We chatted a bit at the bottom and went our respective ways that day, but that was the beginning of a long friendship with the Sage of the Wasatch (one might be inclined to call him the Wizard….but…) that reached a fun pinnacle in early October when we were able to join Drew and his lovely Zinnia with a great posse of their friends as they got married in the shadow of the Tetons. 
The bride, groom, and clergyman were sort of oddly apart, but it still went off!
 Drew grew up in the famous skiing mecca of Kentucky, and loved gittin’ out.  Once high school was over he headed for Colorado for school to get his start in the avalanche world by studying science…..political science!  But somehow it served him well enough to become an intelligence officer in the military, and he served in the original Desert Storm in Kuwait telling the good guys what the bad guys were up to.  Even as I’ve heard some of Drew’s stories from the military, it’s still hard for me to imagine this bearded and sorta scraggly dirtbag of today being the sheared and uniformed military officer of yesterday! 

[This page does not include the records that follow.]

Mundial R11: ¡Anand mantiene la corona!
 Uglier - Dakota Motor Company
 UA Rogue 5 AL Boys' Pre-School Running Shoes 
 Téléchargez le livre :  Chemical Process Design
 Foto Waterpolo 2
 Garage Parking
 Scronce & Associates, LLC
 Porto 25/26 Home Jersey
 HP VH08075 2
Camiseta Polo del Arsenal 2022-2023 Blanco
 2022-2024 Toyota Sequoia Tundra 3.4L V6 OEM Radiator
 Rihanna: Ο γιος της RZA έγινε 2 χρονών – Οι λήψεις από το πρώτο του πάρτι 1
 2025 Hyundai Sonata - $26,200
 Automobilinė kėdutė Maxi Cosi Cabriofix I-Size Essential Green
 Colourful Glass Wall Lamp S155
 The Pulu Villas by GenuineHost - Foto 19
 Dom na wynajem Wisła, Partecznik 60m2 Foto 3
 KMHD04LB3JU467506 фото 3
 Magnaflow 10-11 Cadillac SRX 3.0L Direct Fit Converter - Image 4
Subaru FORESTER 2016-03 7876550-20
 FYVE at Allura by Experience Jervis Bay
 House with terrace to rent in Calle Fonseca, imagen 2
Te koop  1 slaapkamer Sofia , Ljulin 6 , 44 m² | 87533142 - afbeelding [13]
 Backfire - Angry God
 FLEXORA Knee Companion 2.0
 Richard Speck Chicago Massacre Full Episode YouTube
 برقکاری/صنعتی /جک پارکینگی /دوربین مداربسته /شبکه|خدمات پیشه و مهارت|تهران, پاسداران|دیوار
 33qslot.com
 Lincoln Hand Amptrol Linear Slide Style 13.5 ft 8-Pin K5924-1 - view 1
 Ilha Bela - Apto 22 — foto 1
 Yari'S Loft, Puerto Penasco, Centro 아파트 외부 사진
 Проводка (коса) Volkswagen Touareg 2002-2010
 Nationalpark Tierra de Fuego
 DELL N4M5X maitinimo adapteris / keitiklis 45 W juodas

The military was apparently a good preparation to become a NOLS instructor, which Drew did for a few years, and then parlayed that experience into becoming a climbing ranger on Mt Rainier.  The national park climbing ranger community is pretty tight, and when venerable Teton climbing ranger Tom Kimbrough announced that he was retiring after 20 or 30 or maybe a hundred years there, Drew’s ears perked up.  Since Tom had been one of the original Utah Avalanche Center forecasters for pretty much the same amount of time and full retirement sounded better than half-retirement, he also gracefully stepped out of that role, and Drew was able to effectively become the new incarnation of Tom Kimbrough, splitting his time between the Wasatch in the winter, the Tetons in the summer, and the desert and other far flung places during the shoulder seasons. between. 
Drew's latest passion:  pack rafting!
 Not long after I met Drew he and his wife split up, and I had the good fortune to become friends with a pretty decent litany of great women that Drew had connected with.   However, for a variety of reasons one by one they fell away.  Then one day several years ago we bumped into Drew at a trailhead at the end of a ski day, and he had a ski partner I hadn’t met before whom – even through the helmet, face buff, and goggles  - I could tell was pretty much bursting with positive energy.  We had the great fortune of being introduced to Zinnia’s world.

 Zinnia Wilson is a Salt Lake native with an eclectic past.  It’d be easy to assume that Zin’s parents named her for the fun, brightly-colored flower that is a perfect emblem of what she was to become, but her dad actually named her for the street that they lived on, oblivious to the fact that the street was named for the flower!  Tragedy struck their family early when Zinnia’s dad died in a fall at Indian Creek, but his wife/Zin’s mom Louise soldiered on solo with two precocious kids.  Zinnia continued to climb, and eventually applied her considerable athleticism to the world of modern dance, which in turn enhanced her athleticism.  She apparently was as smart as she was athletic, because she got into Williams College, one of the most notoriously-difficult schools in the country to be accepted into.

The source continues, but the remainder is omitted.